I'd appreciate that more than you could imagine
 
The legal research that went into this decision is absolutely top notch.

:bigclap
 
And finally, the court speaks directly to the gurus themselves.

[669] In his poem Inferno at Cantos 26-30, Dante placed the “evil counsellors” - those who used their position to advise others to engage in fraud, and “the falsifiers” - alchemists, counterfeiters, perjurers, and imposters, into the inner canyons of the eighth circle of hell. As sinners, the evil counsellors and falisifiers were matched by those who induce religious schisms, and surpassed only in fault by oath-breakers.

[670] Persons who purposefully promote and teach proven ineffective techniques that purport to defeat valid state and court authority, and circumvent social obligations, appear to fall into those two categories. That they do so, and for profit at the expense of naive and vulnerable customers, is worse.

[671] William S. Burroughs in Naked Lunch (New York: Grove Press, 1962, p. 11) wrote: “Hustlers of the world, there is one Mark you cannot beat: The Mark Inside.” I believe that is true for you. At some basic level, you understand that you are selling lies, or at the very most generous, wildly dubious concepts.

[672] It does not matter whether you frame your ‘business’ as a joke, religion, for educational purposes only, or as not being legal advice; your ‘business’ harms your naive or malicious customers, their families, and the innocent persons whom your customers abuse as they attempt to exercise what you have told them are their rights.

[673] You cannot identify one instance where a court has rolled over and behaved as told. Not one. Your spells, when cast, fail.

[674] If you believe what you teach is true, then do not encourage others to be the ones to execute those concepts in the courts. Present your ideas and concepts yourselves. You will get a fair hearing, and as detailed a response as your ideas warrant. The caselaw cited in these Reasons make that very clear. Canadian courts will hear you and will consider whether what you claim is or is not correct.

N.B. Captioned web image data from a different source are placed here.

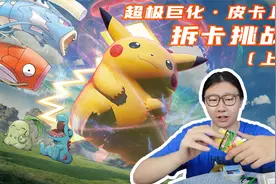 超极巨化皮卡丘拆卡挑战！博士汪能不能收服皮卡丘？视频封面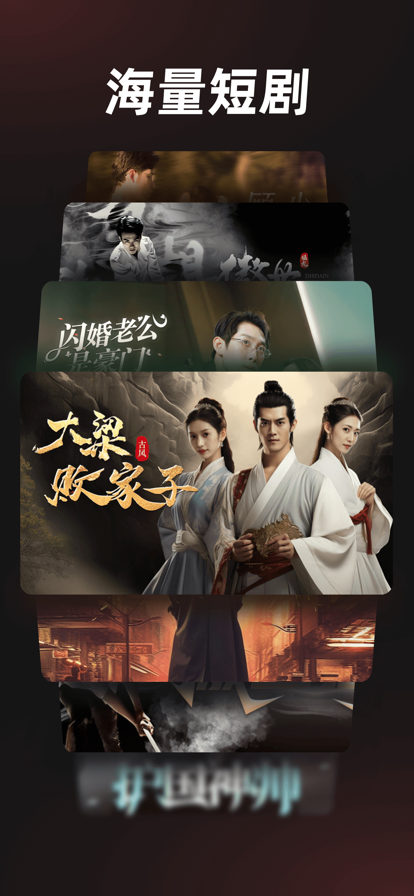 河马剧场 官方最新版手机软件app截图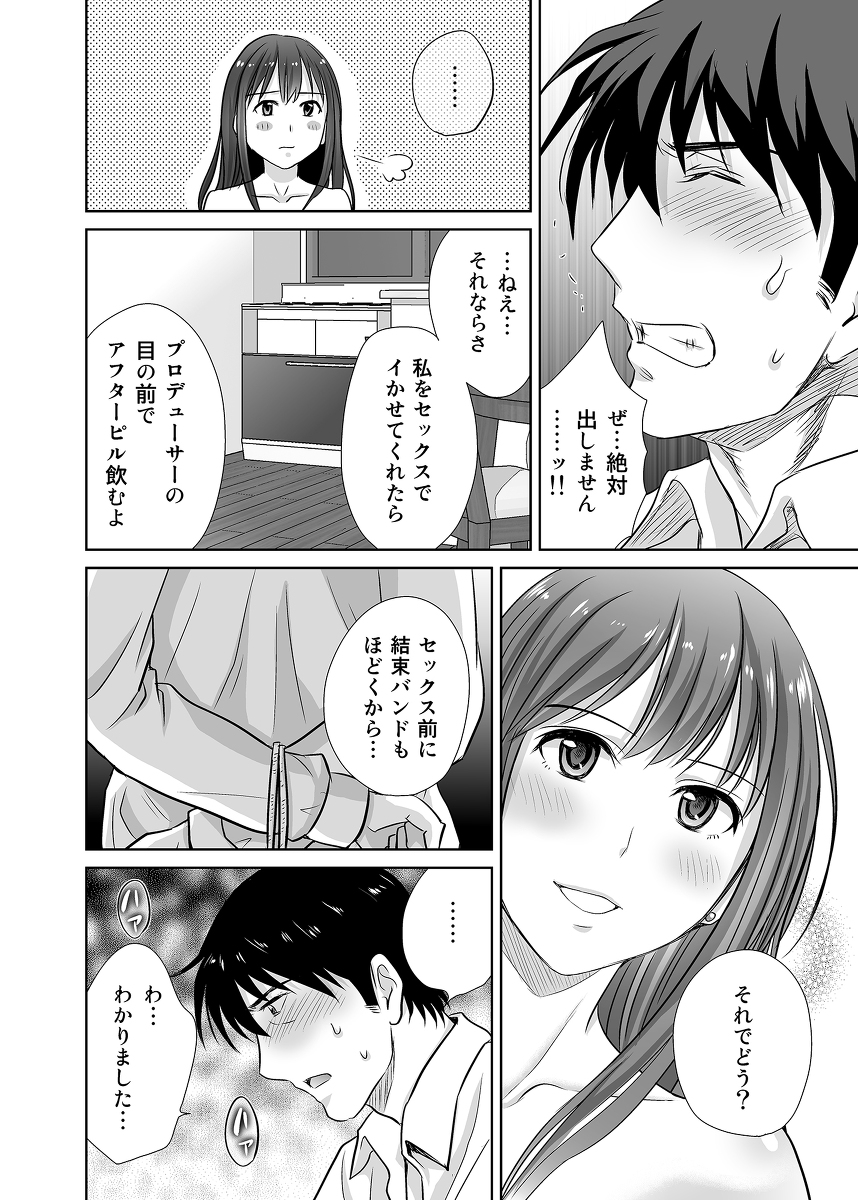 【エロ漫画】元アイドルが決行する略奪寝取りエロ漫画がこちらッ！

[675] In that sense, I acknowledge a grudging respect for David Kevin Lindsay, in that he has personally tested many of his ideas in court. That does not excuse his inciting others to engage in vexatious, illegal conduct, or his profiting from the same. Nevertheless, he has “walked the walk”. If you truly believe your ideas are valid, look at how Lindsay has been treated by Canadian courts and the careful analyses of his ideas. Yes, he has failed, but where he has approached Canada’s legal system with clarity and respect, he has received the same.


One of the most awesome bits (of many).
 
Actually, I'm waiting for the FOTLers to claim that...
Editorial Notice: On behalf of the Government of
Alberta personal data identifiers have been removed
from this unofficial electronic version of the judgment.


...is evidence of a gubmint conspiracy.
 
God, we could use this Judge in the US legal system. Epic, just Epic. You don't see a judge drop the legal terminlogy and say what he really thinks very often.